Songwriter avant tout

L’autre dualité mise en valeur dans le film, c’est l’écart phénoménal entre sa vie publique et sa vie privée. Dolly Parton a été partout : sur scène, à la télévision, au cinéma. Or, elle se dévoile très peu, signalent plusieurs interviewées, parmi lesquelles Kylie Minogue et Linda Perry (4 Non Blondes). Elle est mariée depuis 1966, mais son mari et elle ont rarement été vus ensemble en public.

Dolly Parton — Here I Am relate bien sûr sa carrière, en mettant l’accent sur ses chansons emblématiques : Here You Come Again, 9 to 5, Islands in the Stream, Jolene et bien sûr I Will Always Love You. Le documentaire rappelle qu’Elvis souhaitait enregistrer ce dernier morceau, mais qu’il exigeait d’en obtenir les droits. Dolly Parton a refusé. Ce fut une sage décision : en 1992, I Will Always Love You a été reprise par Whitney Houston, et son succès phénoménal a rapporté gros à son autrice-compositrice.
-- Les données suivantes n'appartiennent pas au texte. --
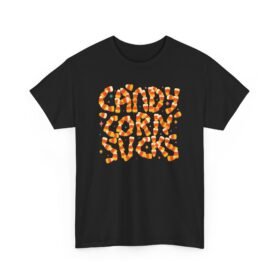 Candy Corn Sucks - Unisex T-Shirt – Sweet Font, Savage Truth
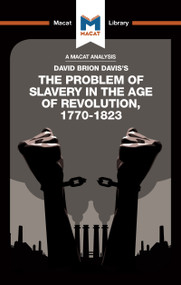An Analysis of David Brion Davis's The Problem of Slavery in the Age of Revolution, 1770-1823 by Duncan Money, Jason Xidas, 9781912302482
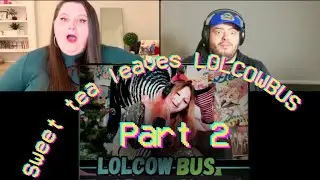 Part 2: Sweet Tea gets off at her stop | LOLOCOWBUS  reaction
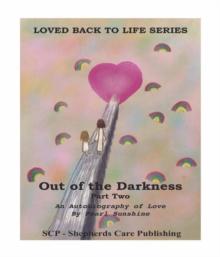 Out of the Darkness: An Autobiography of Love : Part Two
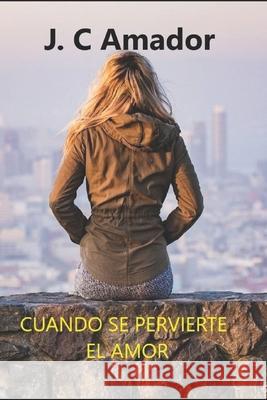 Cuando Se Pervierte El Amor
Je prends l’écriture de chansons plus au sérieux que tout ce que je fais d’autre. Je suis une autrice-compositrice [songwriter] avant tout. C’est ma façon de m’exprimer.

Dolly Parton

Il est d’ailleurs franchement rafraîchissant de l’entendre parler en toute simplicité de la façon dont elle a écrit certaines de ses chansons comme 9 to 5 et The Grass Is Blue, tirée du premier des trois albums bluegrass qu’elle a publiés au tournant des années 2000. Elle est inspirée, mais ne se la joue pas « artiste inspirée » : elle cherche, elle travaille et elle s’amuse aussi.

Dolly Parton — Here I Am ne perce pas le mystère qui entoure son sujet. Il montre toutefois une artiste ambitieuse, attachante, vraie malgré les artifices, d’une intelligence et d’un humour vifs. Ce documentaire n’est pas de la dernière nouveauté, mais le voir avec un peu de retard colle aussi au parcours de la chanteuse : Dolly Parton n’a-t-elle pas obtenu sur le tard du mérite pour tout ce qu’elle a accompli ?

Le documentaire Dolly Parton — Here I Am est offert sur Netflix.